◆ What is expected ◆
What you return should be the lines from the first line of the records below through the line holding "BASEUS ŁADOWARKA INDUKCYJNA", unchanged.

[Records from a dataset]

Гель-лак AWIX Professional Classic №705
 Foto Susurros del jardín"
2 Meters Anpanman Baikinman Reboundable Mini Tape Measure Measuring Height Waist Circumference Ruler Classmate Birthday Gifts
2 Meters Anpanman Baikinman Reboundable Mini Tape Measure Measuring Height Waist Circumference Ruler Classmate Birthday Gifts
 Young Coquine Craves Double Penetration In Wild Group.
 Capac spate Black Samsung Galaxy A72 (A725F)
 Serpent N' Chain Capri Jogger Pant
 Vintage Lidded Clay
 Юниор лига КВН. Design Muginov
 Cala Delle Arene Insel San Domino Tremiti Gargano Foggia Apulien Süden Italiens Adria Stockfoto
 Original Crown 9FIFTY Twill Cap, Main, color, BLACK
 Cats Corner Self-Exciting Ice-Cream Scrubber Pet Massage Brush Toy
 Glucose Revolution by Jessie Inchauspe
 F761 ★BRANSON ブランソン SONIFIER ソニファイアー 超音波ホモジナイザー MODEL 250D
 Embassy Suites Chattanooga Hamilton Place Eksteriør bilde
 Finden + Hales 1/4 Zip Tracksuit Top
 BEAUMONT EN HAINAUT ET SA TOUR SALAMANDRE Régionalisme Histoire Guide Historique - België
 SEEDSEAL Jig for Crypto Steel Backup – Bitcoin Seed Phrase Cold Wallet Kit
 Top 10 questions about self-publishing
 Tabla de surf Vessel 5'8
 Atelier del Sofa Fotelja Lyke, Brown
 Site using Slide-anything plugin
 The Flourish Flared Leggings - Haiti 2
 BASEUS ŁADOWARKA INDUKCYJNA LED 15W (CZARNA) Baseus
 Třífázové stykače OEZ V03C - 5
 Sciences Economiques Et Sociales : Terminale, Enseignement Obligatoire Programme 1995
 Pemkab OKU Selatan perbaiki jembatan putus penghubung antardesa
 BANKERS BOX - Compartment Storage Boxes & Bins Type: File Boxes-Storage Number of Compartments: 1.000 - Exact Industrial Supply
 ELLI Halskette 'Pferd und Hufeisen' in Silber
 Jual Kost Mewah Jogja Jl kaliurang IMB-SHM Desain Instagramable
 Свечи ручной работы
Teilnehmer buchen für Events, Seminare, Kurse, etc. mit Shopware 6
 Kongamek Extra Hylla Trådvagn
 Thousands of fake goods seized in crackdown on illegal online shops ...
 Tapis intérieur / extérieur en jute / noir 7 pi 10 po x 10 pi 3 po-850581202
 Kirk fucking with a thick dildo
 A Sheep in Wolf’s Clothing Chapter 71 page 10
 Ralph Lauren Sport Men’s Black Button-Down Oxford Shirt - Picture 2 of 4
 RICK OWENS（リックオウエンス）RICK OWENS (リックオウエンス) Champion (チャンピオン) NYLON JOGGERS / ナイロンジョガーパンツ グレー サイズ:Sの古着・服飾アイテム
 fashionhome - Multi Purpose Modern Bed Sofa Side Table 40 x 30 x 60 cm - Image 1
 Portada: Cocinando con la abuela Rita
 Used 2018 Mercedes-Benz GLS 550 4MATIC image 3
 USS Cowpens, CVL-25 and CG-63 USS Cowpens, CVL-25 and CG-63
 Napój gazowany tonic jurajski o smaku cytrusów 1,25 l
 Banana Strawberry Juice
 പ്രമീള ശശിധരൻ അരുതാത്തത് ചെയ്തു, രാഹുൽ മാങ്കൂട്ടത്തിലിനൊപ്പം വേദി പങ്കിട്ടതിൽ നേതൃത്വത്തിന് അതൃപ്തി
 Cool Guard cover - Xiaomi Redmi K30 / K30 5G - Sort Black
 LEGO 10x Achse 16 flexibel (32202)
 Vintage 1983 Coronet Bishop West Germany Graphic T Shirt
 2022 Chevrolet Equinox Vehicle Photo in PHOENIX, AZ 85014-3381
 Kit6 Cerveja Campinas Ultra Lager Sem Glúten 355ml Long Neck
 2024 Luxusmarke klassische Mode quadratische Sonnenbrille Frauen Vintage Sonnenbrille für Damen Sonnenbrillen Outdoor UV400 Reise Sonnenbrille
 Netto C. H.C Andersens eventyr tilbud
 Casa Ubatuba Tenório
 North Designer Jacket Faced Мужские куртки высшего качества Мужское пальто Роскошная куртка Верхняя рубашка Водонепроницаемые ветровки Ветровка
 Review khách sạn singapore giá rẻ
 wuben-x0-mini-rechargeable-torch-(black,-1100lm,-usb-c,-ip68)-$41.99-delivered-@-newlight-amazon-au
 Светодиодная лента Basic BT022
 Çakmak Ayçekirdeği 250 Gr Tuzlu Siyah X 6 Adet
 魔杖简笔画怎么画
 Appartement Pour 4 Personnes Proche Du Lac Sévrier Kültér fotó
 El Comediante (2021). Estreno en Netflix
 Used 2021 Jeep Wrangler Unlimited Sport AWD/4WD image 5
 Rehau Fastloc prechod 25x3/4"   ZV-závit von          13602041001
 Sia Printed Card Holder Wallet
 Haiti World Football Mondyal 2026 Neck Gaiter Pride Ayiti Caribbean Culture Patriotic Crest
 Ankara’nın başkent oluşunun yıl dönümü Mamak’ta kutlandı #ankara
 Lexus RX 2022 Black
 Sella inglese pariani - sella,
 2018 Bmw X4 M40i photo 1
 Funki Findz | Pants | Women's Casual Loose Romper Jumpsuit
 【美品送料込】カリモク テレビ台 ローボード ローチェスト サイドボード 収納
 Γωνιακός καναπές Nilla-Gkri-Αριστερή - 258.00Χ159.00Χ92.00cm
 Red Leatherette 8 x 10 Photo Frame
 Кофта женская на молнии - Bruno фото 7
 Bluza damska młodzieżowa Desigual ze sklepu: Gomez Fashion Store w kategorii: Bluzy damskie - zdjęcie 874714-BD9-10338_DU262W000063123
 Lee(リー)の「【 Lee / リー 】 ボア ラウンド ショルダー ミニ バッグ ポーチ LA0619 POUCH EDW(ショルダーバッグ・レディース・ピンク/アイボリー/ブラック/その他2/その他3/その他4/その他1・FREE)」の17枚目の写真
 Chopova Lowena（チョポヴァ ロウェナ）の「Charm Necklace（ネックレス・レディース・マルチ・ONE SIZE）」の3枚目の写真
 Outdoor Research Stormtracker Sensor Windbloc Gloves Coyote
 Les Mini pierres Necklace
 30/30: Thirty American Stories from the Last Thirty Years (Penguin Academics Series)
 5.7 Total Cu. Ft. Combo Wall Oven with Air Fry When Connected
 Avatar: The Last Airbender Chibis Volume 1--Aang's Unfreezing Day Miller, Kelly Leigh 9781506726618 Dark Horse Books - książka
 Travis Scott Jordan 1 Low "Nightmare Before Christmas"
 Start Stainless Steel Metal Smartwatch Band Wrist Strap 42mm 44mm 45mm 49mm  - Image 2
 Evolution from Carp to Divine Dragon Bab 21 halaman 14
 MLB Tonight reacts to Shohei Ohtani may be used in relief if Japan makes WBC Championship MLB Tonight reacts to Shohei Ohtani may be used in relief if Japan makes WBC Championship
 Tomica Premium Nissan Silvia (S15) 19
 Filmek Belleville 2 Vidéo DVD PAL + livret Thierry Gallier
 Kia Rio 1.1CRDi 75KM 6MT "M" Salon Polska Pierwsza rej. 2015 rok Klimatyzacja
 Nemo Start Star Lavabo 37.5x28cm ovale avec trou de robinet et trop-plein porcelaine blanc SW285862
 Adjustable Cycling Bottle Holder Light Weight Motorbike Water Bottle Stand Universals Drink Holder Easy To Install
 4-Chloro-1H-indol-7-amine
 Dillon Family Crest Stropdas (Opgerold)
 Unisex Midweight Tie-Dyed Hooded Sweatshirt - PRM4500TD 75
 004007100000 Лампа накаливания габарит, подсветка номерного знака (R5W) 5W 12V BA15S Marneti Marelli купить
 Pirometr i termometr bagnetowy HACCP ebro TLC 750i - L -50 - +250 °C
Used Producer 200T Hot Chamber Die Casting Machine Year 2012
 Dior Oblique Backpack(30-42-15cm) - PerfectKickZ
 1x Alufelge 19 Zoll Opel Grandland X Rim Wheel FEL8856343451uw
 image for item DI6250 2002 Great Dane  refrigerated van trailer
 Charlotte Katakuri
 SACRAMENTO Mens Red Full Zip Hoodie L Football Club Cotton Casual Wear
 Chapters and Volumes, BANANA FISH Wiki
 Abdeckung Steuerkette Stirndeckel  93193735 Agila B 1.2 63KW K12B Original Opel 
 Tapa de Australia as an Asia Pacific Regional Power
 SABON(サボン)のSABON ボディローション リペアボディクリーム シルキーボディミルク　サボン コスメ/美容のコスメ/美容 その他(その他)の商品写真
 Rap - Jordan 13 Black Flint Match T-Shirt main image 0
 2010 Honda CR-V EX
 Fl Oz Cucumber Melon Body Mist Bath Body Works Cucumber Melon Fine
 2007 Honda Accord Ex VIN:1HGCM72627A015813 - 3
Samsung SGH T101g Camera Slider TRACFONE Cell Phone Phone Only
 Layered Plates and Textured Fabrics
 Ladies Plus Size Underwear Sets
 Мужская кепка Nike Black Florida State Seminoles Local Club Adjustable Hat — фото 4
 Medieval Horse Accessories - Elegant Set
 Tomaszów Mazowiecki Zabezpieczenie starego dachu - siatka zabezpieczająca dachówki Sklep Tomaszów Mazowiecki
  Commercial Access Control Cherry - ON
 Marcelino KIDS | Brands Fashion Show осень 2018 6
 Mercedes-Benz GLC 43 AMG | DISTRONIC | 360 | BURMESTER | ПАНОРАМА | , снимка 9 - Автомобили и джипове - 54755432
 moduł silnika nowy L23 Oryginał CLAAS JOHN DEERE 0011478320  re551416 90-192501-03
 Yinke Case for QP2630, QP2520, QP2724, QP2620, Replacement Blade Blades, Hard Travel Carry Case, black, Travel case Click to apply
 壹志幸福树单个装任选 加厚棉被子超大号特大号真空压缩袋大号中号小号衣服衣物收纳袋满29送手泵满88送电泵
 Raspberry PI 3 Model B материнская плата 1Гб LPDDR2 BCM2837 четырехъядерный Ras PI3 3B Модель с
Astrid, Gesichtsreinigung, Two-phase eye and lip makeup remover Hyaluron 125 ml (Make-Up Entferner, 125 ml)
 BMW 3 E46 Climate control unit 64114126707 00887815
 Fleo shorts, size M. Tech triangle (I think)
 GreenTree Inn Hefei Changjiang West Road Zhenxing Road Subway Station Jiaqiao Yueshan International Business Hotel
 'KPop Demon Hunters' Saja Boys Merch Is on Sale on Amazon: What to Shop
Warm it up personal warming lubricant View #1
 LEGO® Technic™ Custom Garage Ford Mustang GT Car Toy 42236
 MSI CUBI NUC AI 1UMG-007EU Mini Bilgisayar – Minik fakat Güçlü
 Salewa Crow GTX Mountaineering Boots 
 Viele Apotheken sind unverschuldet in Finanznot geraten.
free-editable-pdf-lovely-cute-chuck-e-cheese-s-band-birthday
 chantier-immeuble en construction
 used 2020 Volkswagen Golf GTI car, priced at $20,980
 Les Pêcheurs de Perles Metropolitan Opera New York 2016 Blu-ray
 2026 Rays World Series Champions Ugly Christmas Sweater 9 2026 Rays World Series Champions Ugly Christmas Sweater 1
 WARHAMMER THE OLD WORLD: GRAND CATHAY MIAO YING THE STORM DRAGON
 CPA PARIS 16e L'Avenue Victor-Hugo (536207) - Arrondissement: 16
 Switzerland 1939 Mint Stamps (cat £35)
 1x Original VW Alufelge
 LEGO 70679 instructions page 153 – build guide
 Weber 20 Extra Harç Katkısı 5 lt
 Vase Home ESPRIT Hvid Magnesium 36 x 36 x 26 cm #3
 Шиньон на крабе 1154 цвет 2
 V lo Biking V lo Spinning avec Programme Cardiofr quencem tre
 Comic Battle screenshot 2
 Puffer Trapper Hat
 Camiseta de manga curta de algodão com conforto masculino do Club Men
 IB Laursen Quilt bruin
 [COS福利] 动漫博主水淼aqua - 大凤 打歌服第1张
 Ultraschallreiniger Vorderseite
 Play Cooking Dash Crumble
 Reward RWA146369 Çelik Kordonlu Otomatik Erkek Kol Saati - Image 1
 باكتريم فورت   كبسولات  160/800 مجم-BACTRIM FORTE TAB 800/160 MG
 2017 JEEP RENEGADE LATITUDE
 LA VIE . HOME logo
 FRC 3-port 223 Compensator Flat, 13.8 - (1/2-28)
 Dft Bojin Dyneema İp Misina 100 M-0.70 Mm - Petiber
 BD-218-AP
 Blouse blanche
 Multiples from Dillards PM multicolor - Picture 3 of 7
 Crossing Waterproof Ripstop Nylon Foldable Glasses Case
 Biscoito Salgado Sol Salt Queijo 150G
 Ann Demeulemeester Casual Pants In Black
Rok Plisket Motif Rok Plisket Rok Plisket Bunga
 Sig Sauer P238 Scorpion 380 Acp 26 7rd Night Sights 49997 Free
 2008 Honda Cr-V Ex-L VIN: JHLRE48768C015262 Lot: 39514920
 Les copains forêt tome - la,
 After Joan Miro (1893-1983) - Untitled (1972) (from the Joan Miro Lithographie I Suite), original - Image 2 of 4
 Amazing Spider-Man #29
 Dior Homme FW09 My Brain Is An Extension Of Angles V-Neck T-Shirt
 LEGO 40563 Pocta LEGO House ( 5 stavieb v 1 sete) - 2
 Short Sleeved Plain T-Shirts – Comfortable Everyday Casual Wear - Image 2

◆ Your solution ◆
Гель-лак AWIX Professional Classic №705
 Foto Susurros del jardín"
2 Meters Anpanman Baikinman Reboundable Mini Tape Measure Measuring Height Waist Circumference Ruler Classmate Birthday Gifts
2 Meters Anpanman Baikinman Reboundable Mini Tape Measure Measuring Height Waist Circumference Ruler Classmate Birthday Gifts
 Young Coquine Craves Double Penetration In Wild Group.
 Capac spate Black Samsung Galaxy A72 (A725F)
 Serpent N' Chain Capri Jogger Pant
 Vintage Lidded Clay
 Юниор лига КВН. Design Muginov
 Cala Delle Arene Insel San Domino Tremiti Gargano Foggia Apulien Süden Italiens Adria Stockfoto
 Original Crown 9FIFTY Twill Cap, Main, color, BLACK
 Cats Corner Self-Exciting Ice-Cream Scrubber Pet Massage Brush Toy
 Glucose Revolution by Jessie Inchauspe
 F761 ★BRANSON ブランソン SONIFIER ソニファイアー 超音波ホモジナイザー MODEL 250D
 Embassy Suites Chattanooga Hamilton Place Eksteriør bilde
 Finden + Hales 1/4 Zip Tracksuit Top
 BEAUMONT EN HAINAUT ET SA TOUR SALAMANDRE Régionalisme Histoire Guide Historique - België
 SEEDSEAL Jig for Crypto Steel Backup – Bitcoin Seed Phrase Cold Wallet Kit
 Top 10 questions about self-publishing
 Tabla de surf Vessel 5'8
 Atelier del Sofa Fotelja Lyke, Brown
 Site using Slide-anything plugin
 The Flourish Flared Leggings - Haiti 2
 BASEUS ŁADOWARKA INDUKCYJNA LED 15W (CZARNA) Baseus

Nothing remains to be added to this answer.